John: Only to the degree of getting it right, because the firefighters were in the limelight now and their courage was unquestionable. Their integrity was unquestionable, and now it was 'are you going to live up to that and get it right or not?' That was mostly the demand. The ball was in our court, kind of.
TeenHollywood: On another film. Don't you have a dance scene with Uma Thurman in Be Cool, the sequel to Get Shorty?
John: I haven't seen it yet, but I was told it is awesome.

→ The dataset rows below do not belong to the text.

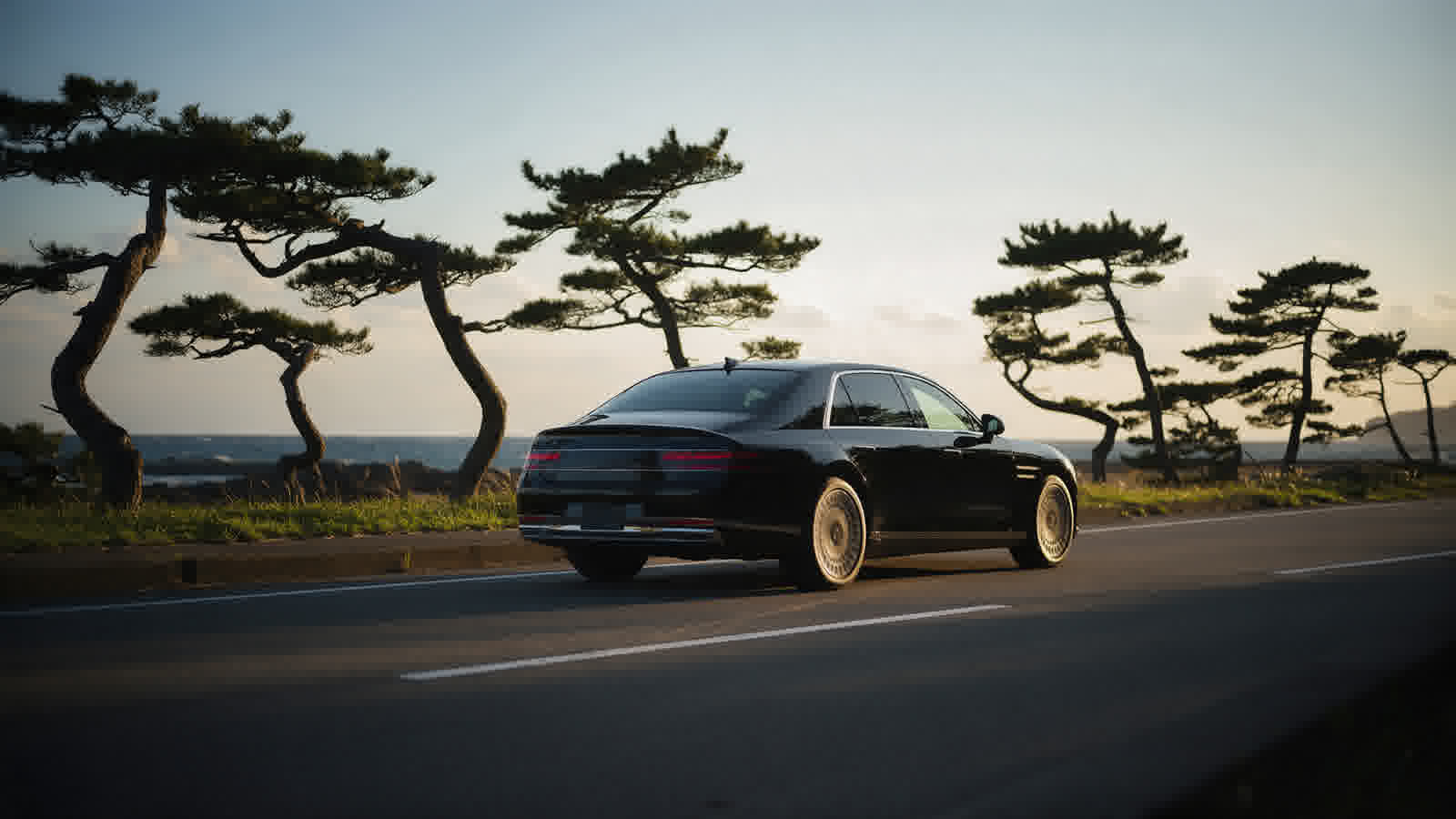 Private car on a coastal road, sea beyond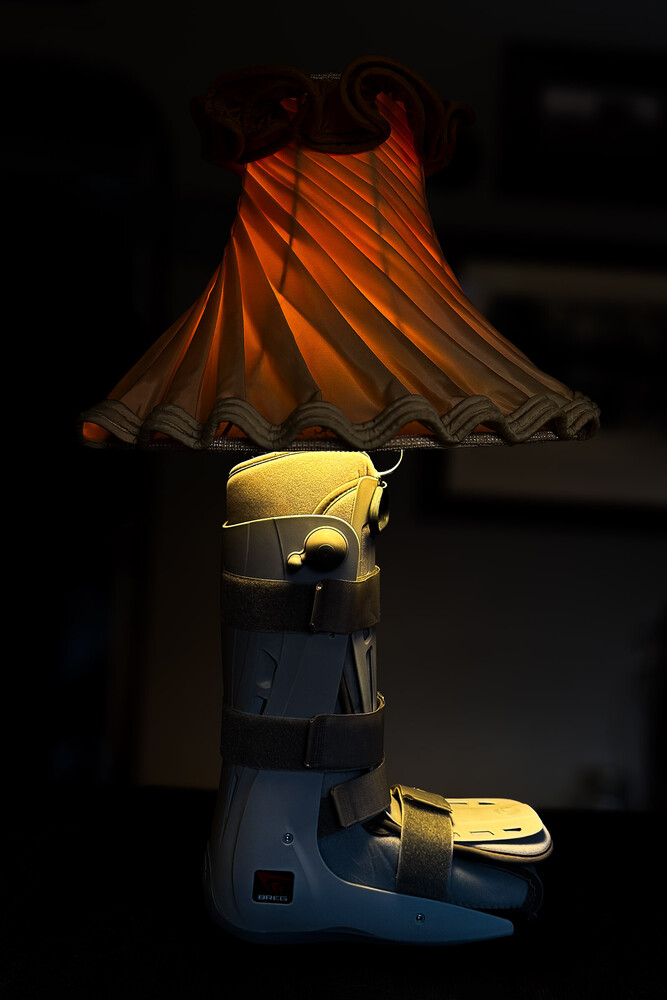 Yellow toy car illuminated beneath an orange pleated lampshade in dark studio setting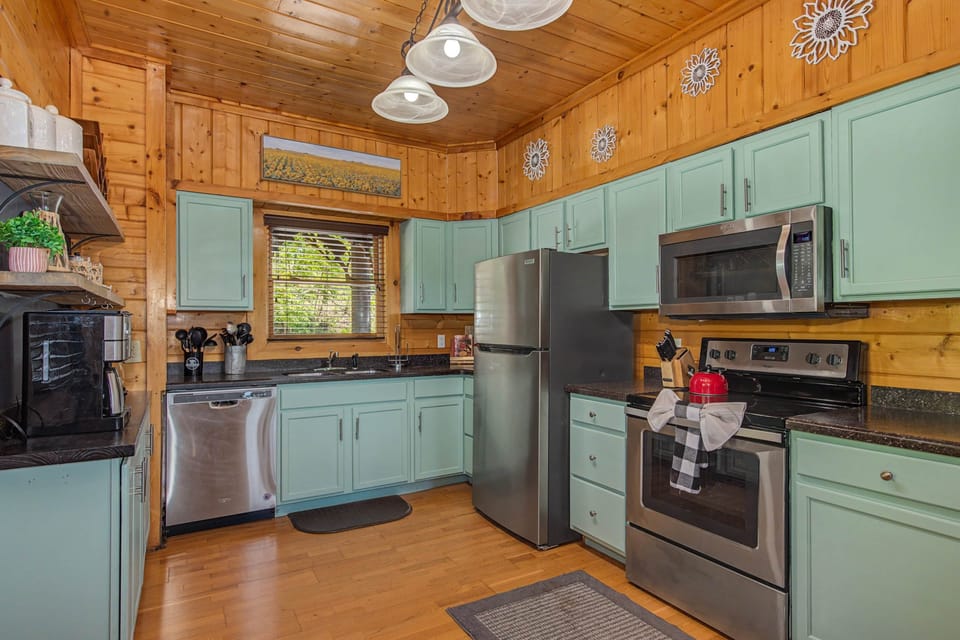 Fully equipped kitchen with green cabinets and stainless appliances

I take full responsibility for that dance because I grew up in the '60s when there was a certain Brazilian feeling in the air, you know, Stan Getz and Jobim would fill the air on jazz stations and I associated that with a lot of good times as a kid. The director and Uma thought I was crazy. They said 'why would you pick a samba to dance?' and I said 'because it's really classic, it's really elegant and it's timeless', She asks if I can dance, and as Chili Palmer I say, 'I'm from Brooklyn. Of course I can dance.' And we do this very cool kind of homage. I know that it probably came off well.
TeenHollywood: Do you have anything coming up after that?

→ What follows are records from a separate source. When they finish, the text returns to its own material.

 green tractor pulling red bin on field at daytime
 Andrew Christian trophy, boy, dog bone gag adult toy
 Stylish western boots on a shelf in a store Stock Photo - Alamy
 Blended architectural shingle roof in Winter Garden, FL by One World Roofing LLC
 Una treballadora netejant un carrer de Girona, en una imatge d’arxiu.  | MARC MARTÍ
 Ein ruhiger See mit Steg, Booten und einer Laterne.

John: Yeah I do. A movie called A Love Song for Bobby Long, and that got a tremendous acclaim at the Venice Film Festival. Scarlett Johansson is in it with me, and Gabriel Macht. I'm an old professor, an English professor, and he's a student I've kind of mentored, and Scarlett comes into our lives. It's really well-executed, I thought.
TeenHollywood: Are you keeping to your fitness regime?
John: I've been trying to.
It's not easy. I don't like that we have to exercise, I really don't. Why can't we grow old gracefully? It does help. It makes you feel better and all of that stuff. I was the oldest guy, [at the fire academy] it was probably the only thing that helped me make it. I've always been a natural athlete. It's just that it's a
pain in the ass.
TeenHollywood: Did you learn anything as a result of your training?
John: Yes.
I learned that different buildings and different furnishings and accoutrement lead to different kinds of fires, and different ways of putting them out. Like for instance, a kitchen fire is the most dangerous because of the nylon materials that the pans and things are made of. When you inhale them, they solidify in your chest and you can't make it, so you have to be protected. That's why
when they see a burning frying pan they say 'whoa, masks,' and they put it out with a certain chemical because if you steam it up, the particles get in the air and you breathe it in. You know, interesting stuff that will save your life.
***
Lynn Barker is a Hollywood-based entertainemnt journalist and produced screenwriter.